Pictures aside, can you reproduce the records word for word?

▸ Records contained in a dataset

++++

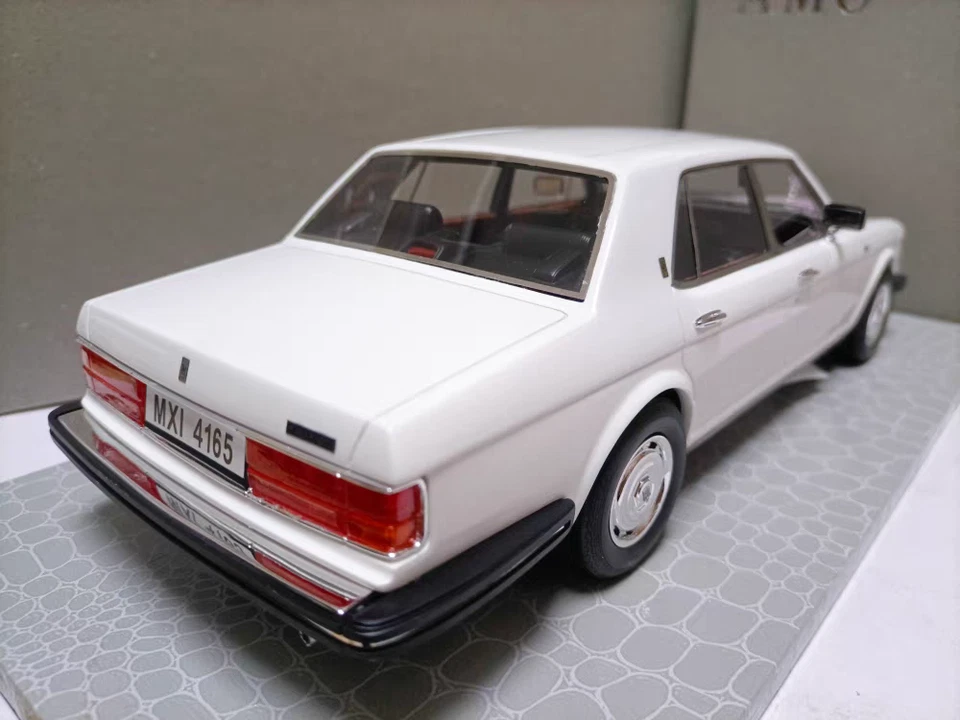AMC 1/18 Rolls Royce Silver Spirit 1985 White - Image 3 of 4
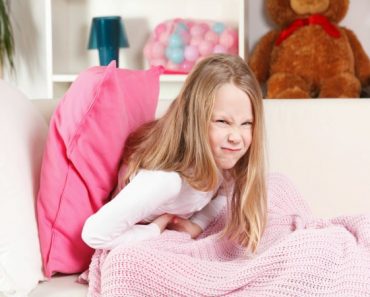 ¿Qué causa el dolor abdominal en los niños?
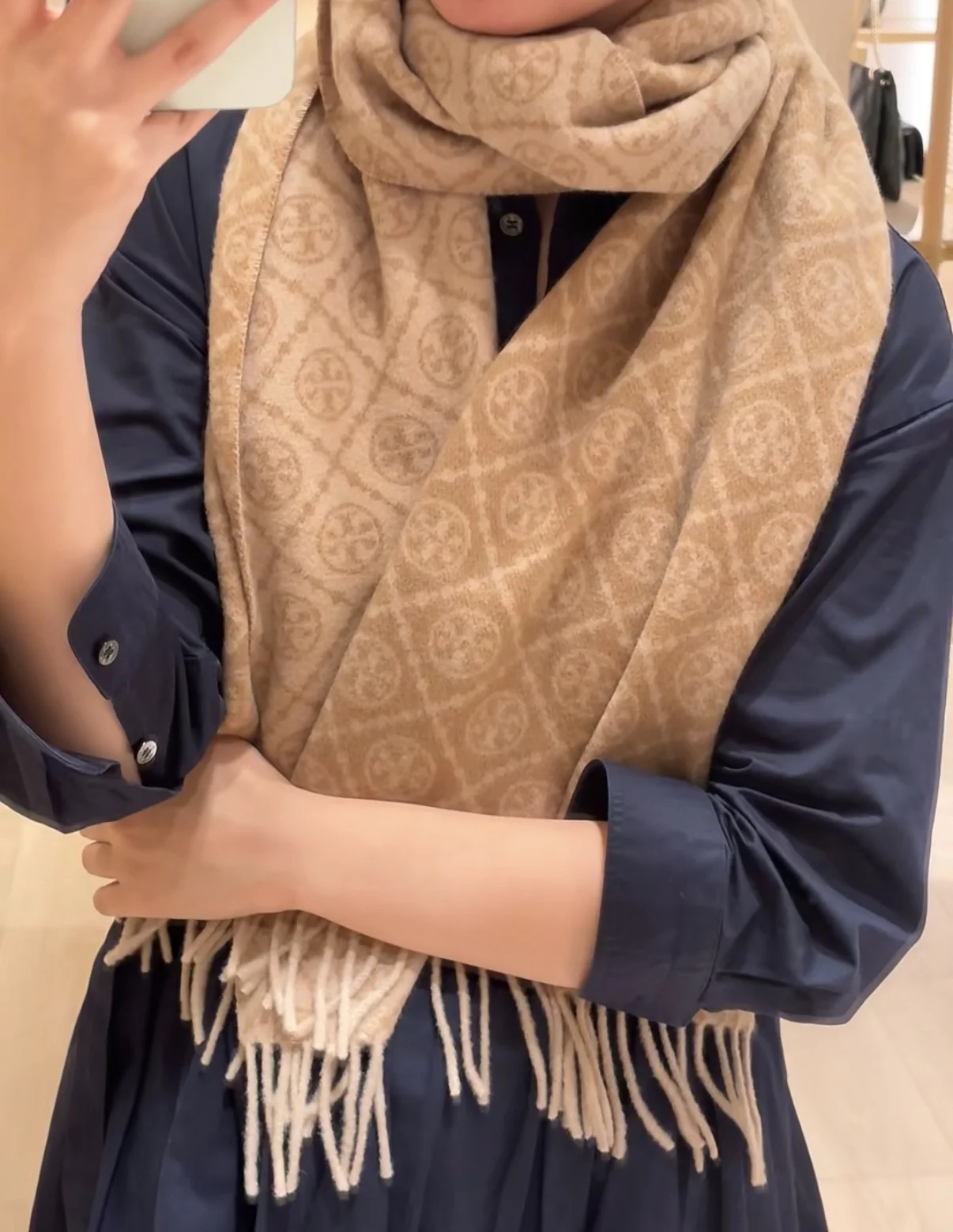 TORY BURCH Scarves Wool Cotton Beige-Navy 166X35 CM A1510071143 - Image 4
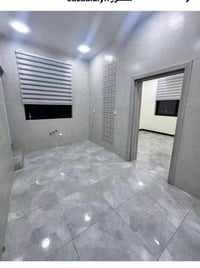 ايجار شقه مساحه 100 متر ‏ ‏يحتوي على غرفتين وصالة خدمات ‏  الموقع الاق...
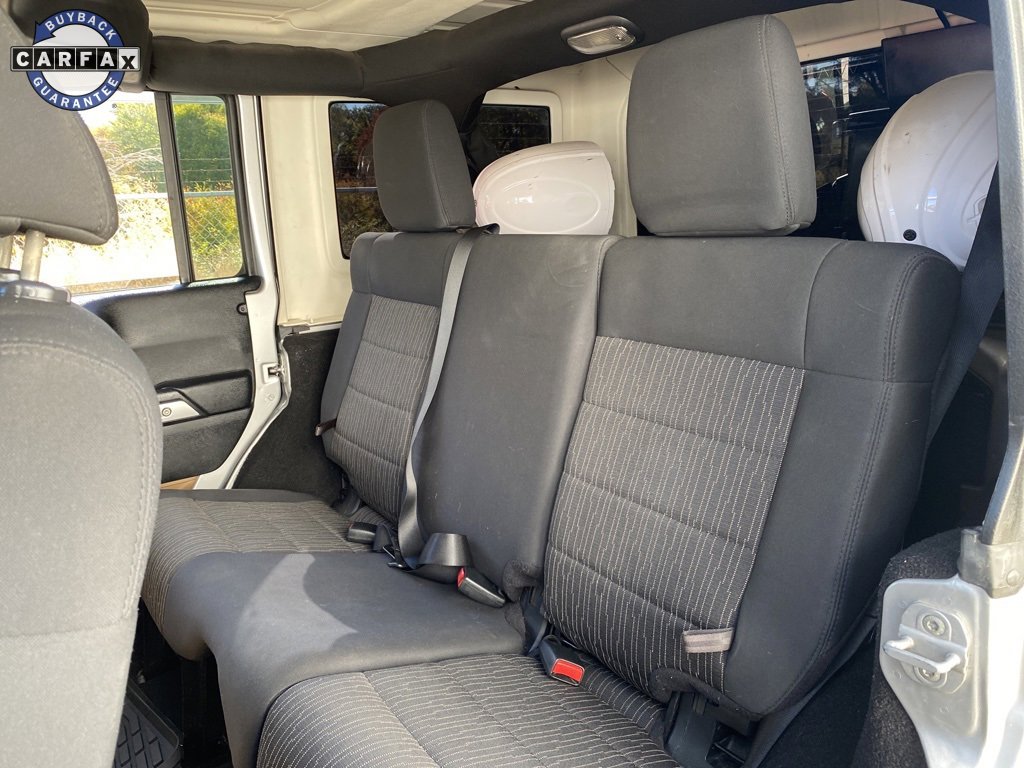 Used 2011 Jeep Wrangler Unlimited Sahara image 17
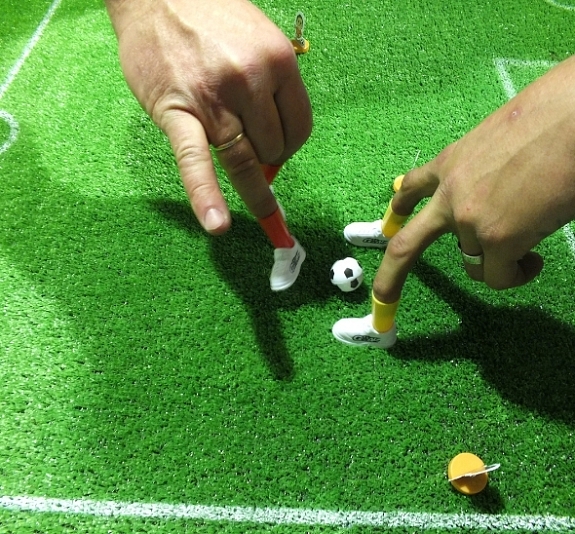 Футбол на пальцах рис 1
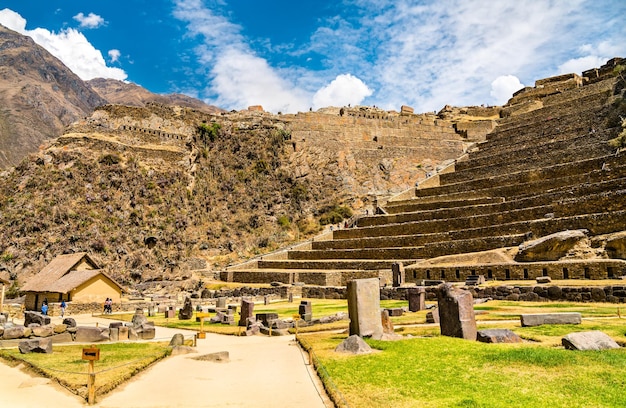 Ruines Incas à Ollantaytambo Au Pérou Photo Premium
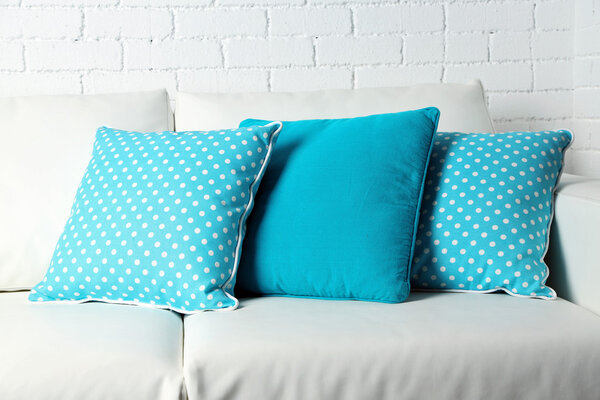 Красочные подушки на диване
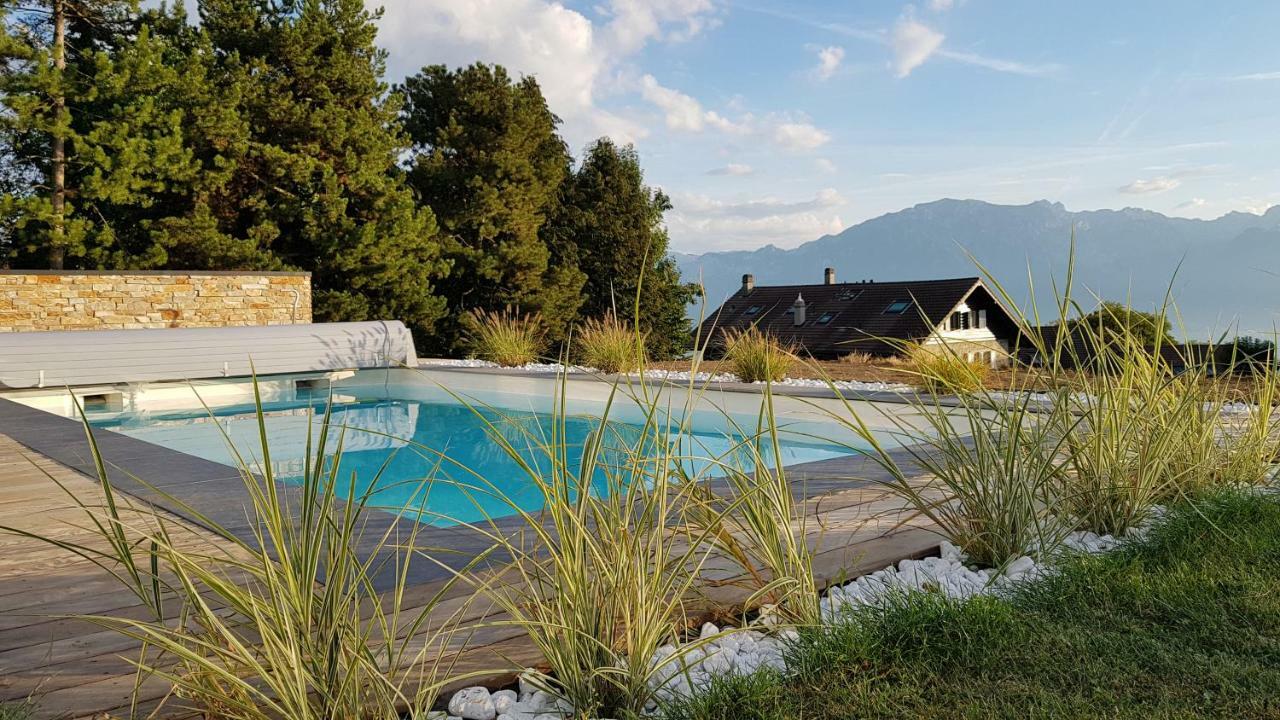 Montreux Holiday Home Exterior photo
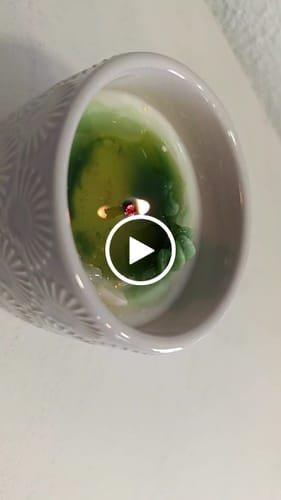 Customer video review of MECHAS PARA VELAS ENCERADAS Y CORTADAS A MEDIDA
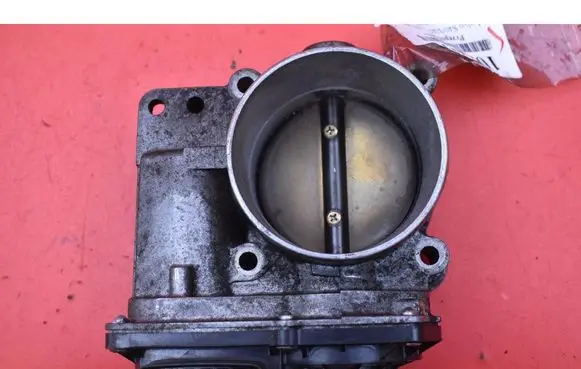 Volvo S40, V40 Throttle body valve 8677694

++++

▸ RESULT OF THE TASK
AMC 1/18 Rolls Royce Silver Spirit 1985 White - Image 3 of 4
 ¿Qué causa el dolor abdominal en los niños?
 TORY BURCH Scarves Wool Cotton Beige-Navy 166X35 CM A1510071143 - Image 4
 ايجار شقه مساحه 100 متر ‏ ‏يحتوي على غرفتين وصالة خدمات ‏  الموقع الاق...
 Used 2011 Jeep Wrangler Unlimited Sahara image 17
 Футбол на пальцах рис 1
 Ruines Incas à Ollantaytambo Au Pérou Photo Premium
 Красочные подушки на диване
 Montreux Holiday Home Exterior photo
 Customer video review of MECHAS PARA VELAS ENCERADAS Y CORTADAS A MEDIDA
 Volvo S40, V40 Throttle body valve 8677694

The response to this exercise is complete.